McLeod lost in the last 32 of the Riga Masters and Indian Open 4–1 to Anthony McGill and 4–2 to Barry Hawkins. It took until the penultimate ranking event of the season to reach the same stage again when he beat Liang Wenbo 5–2 and Mike Dunn 5–3 at the China Open. He was defeated 5–3 by Hossein Vafaei in the last 16. A pair of 10–7 victories over Darryl Hill and Sydney Wilson moved McLeod one win away from qualifying for the World Championship and he took the first seven frames against Hammad Miah. Miah then rallied to be 7–6 down, but McLeod would win 10–7. At the Crucible he drew Judd Trump, a man who went into the tournament proclaiming that "I honestly believe I can play to a standard which is very rare nowadays," and that he was "the best" in the world. He won the first four frames, but McLeod, at 46 the oldest player in the event, responded brilliantly to take a 5–4 lead. McLeod went on to claim a famous 10–8 victory against a player ranked 52 places above him in the rankings and said it was the biggest win of his career. He lost 13–3 to Stephen Maguire in the second round with a session to spare and said the hype from his win over Trump had distracted him.

2018/2019 season

At the UK Championship in December 2018, an impressive stun shot won McLeod the BBC Shot of the Championship.
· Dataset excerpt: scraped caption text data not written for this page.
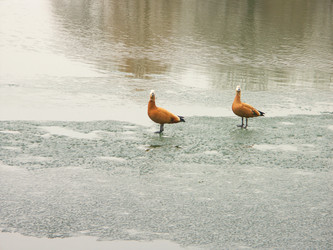 Similar image 22148715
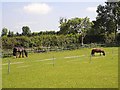 Horses in paddock at Soudley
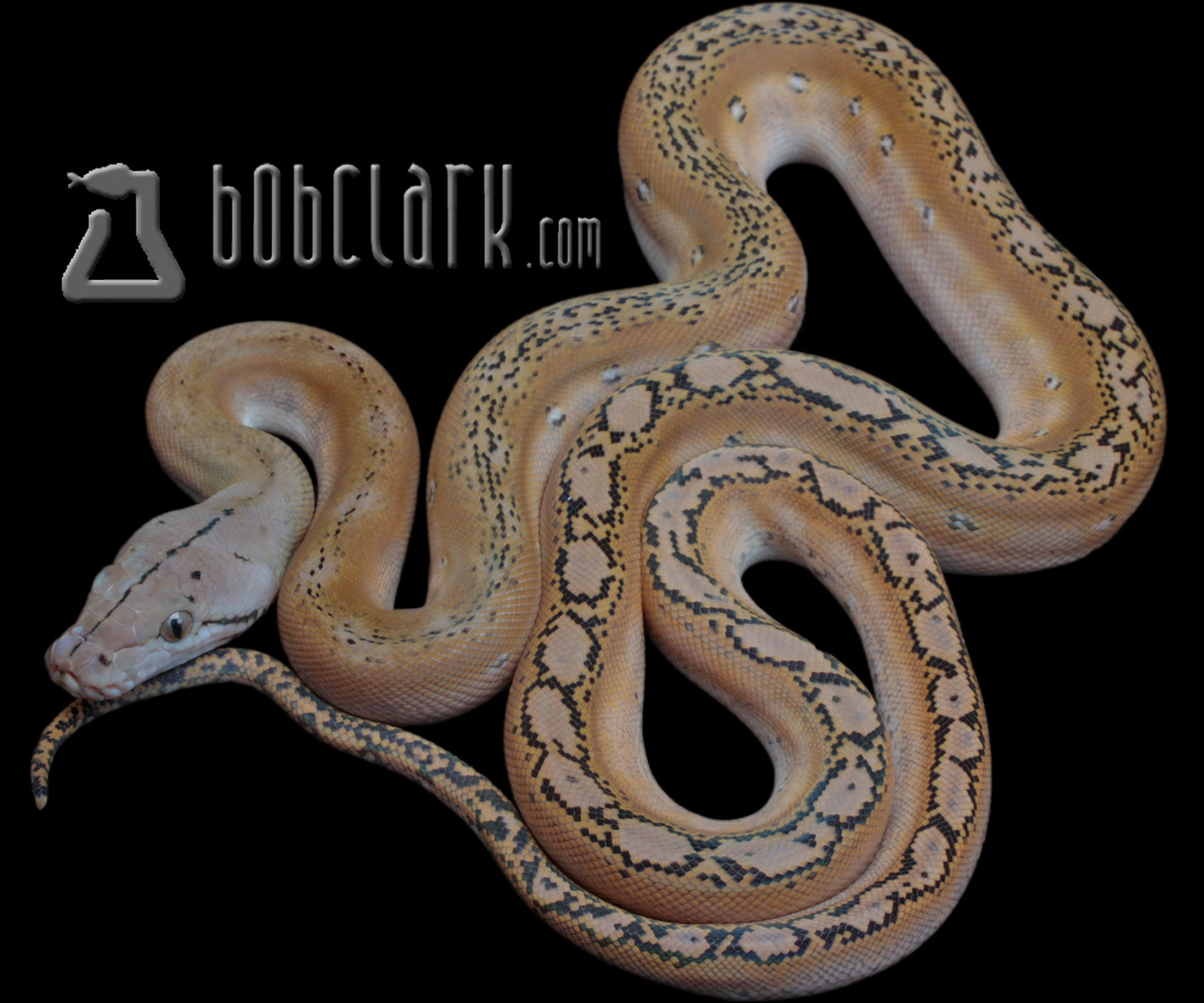 Reticulated Pythons : fire motley het ogs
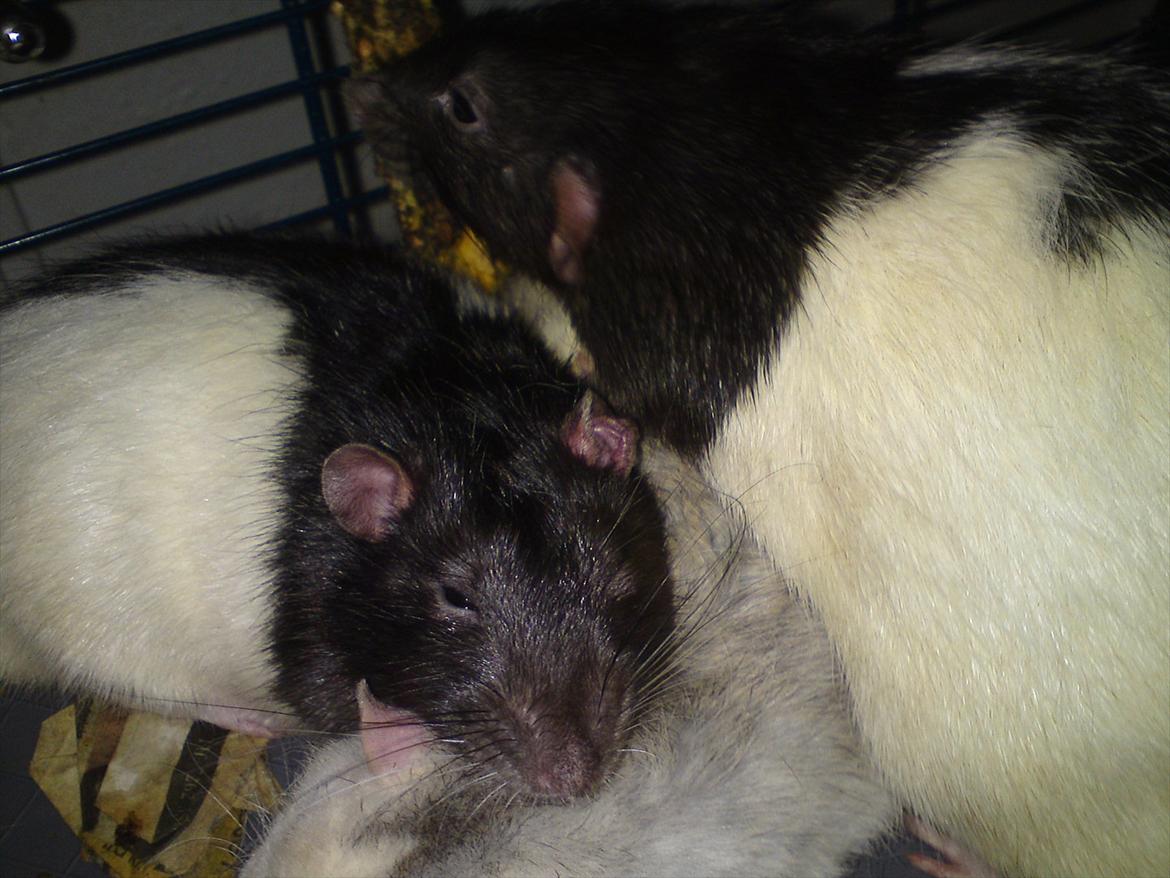 Tamrotte Stich billede 15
After being on tour for 18 consecutive years, he dropped off the tour after failing to qualify through Q-School.

2020/2021 season

In August 2020 he returned to the pro tour after qualifying through Q-School.

2023/2024 season

At the 2023 Northern Ireland Open, McLeod was chosen to replace Ronnie O'Sullivan, as O'Sullivan had withdrawn for health issues. He defeated Ahmed Aly Elsayed in the qualifying rounds 4-0 and went on to beat Ross Muir and Jak Jones both 4-3, before losing to David Gilbert 4-0 in the last-16.